TASK: Copy the final lines exactly, starting at the one that contains "Solar pile driver" and ending with the last line of the listing below. Pictures are not part of the copy.

━━━━━━━━━━━━━━━━

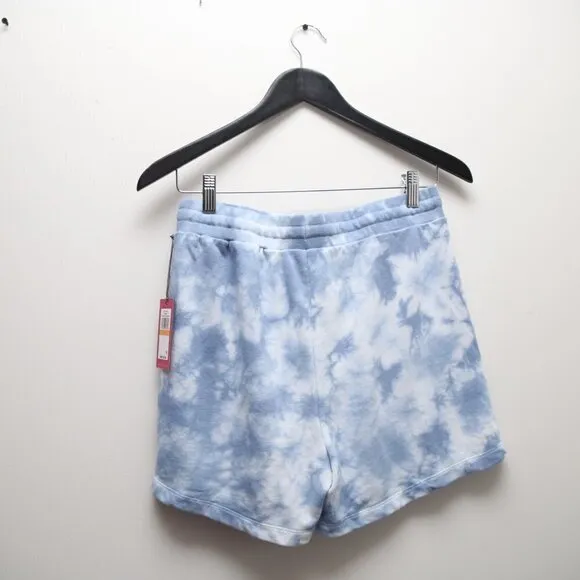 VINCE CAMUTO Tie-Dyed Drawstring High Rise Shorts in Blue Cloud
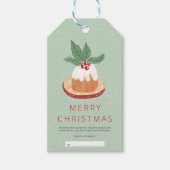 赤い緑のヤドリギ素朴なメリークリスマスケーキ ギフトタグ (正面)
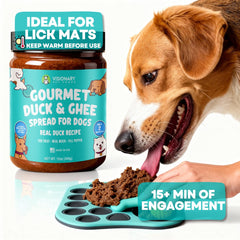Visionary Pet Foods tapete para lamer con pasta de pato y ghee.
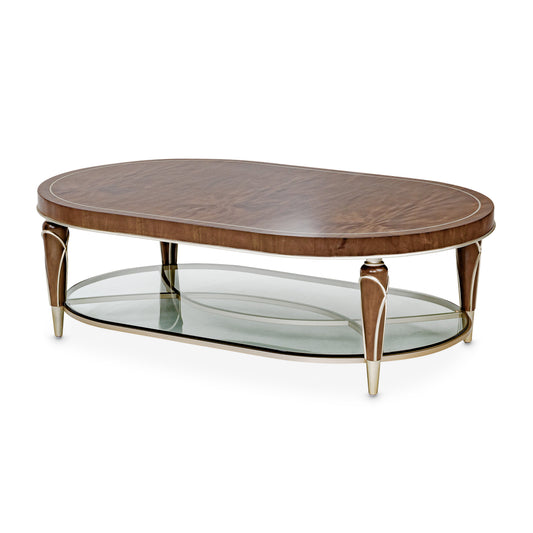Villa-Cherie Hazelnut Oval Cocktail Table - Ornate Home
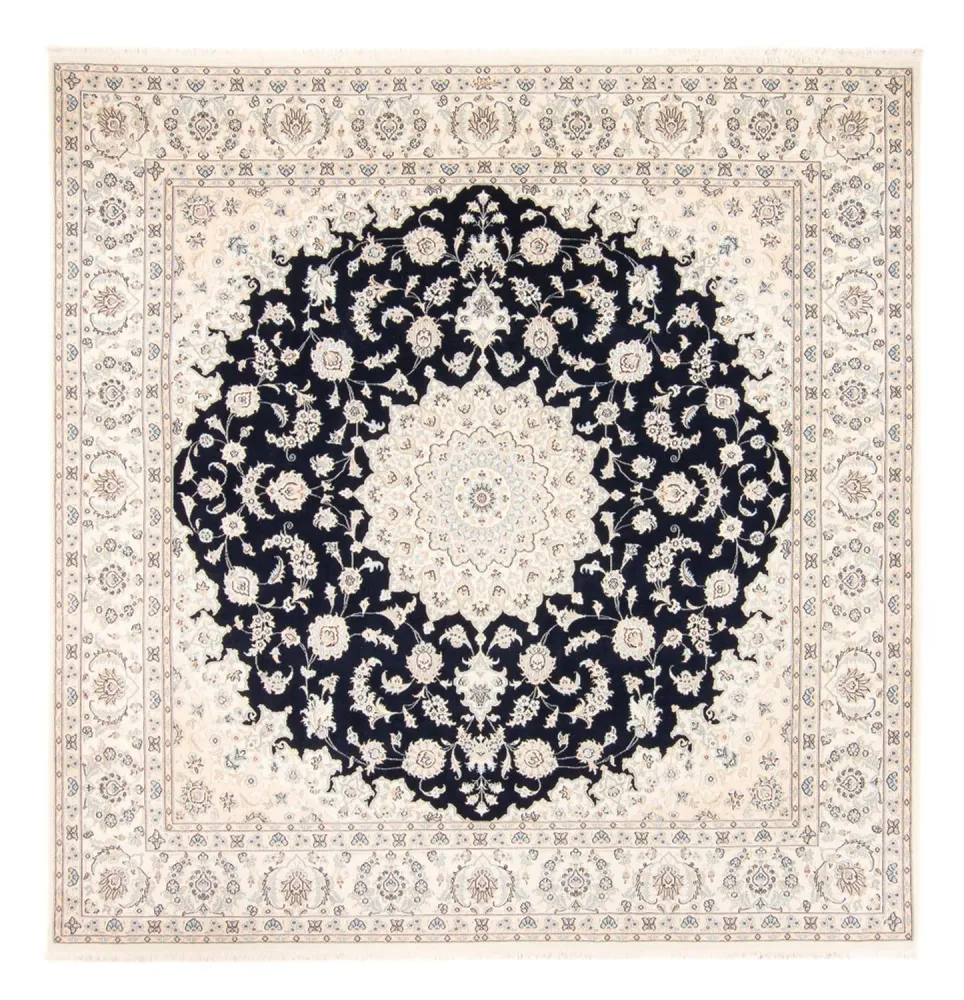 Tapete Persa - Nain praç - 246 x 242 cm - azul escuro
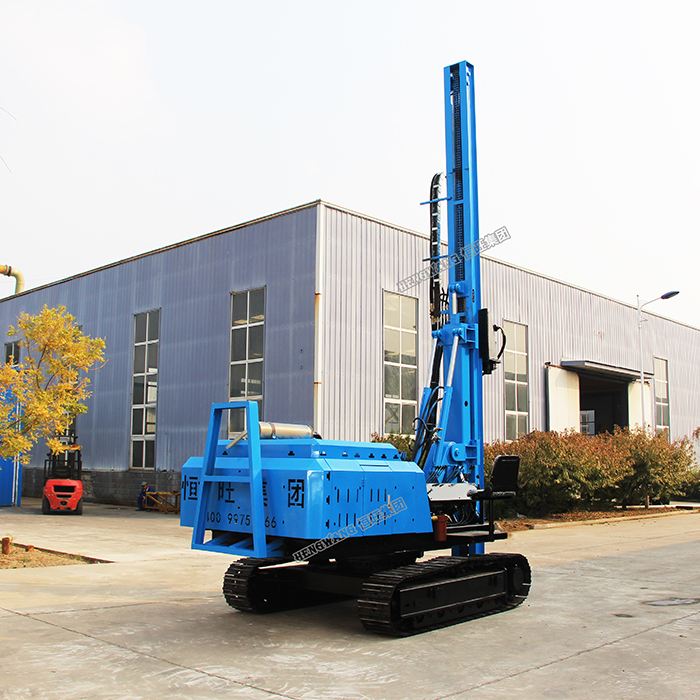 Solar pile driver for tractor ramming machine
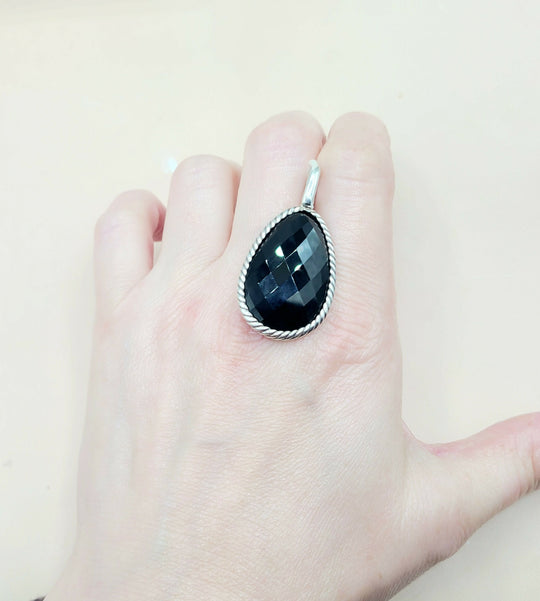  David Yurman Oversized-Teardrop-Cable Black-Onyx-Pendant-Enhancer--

━━━━━━━━━━━━━━━━

RESPONSE AREA:
 Solar pile driver for tractor ramming machine
  David Yurman Oversized-Teardrop-Cable Black-Onyx-Pendant-Enhancer--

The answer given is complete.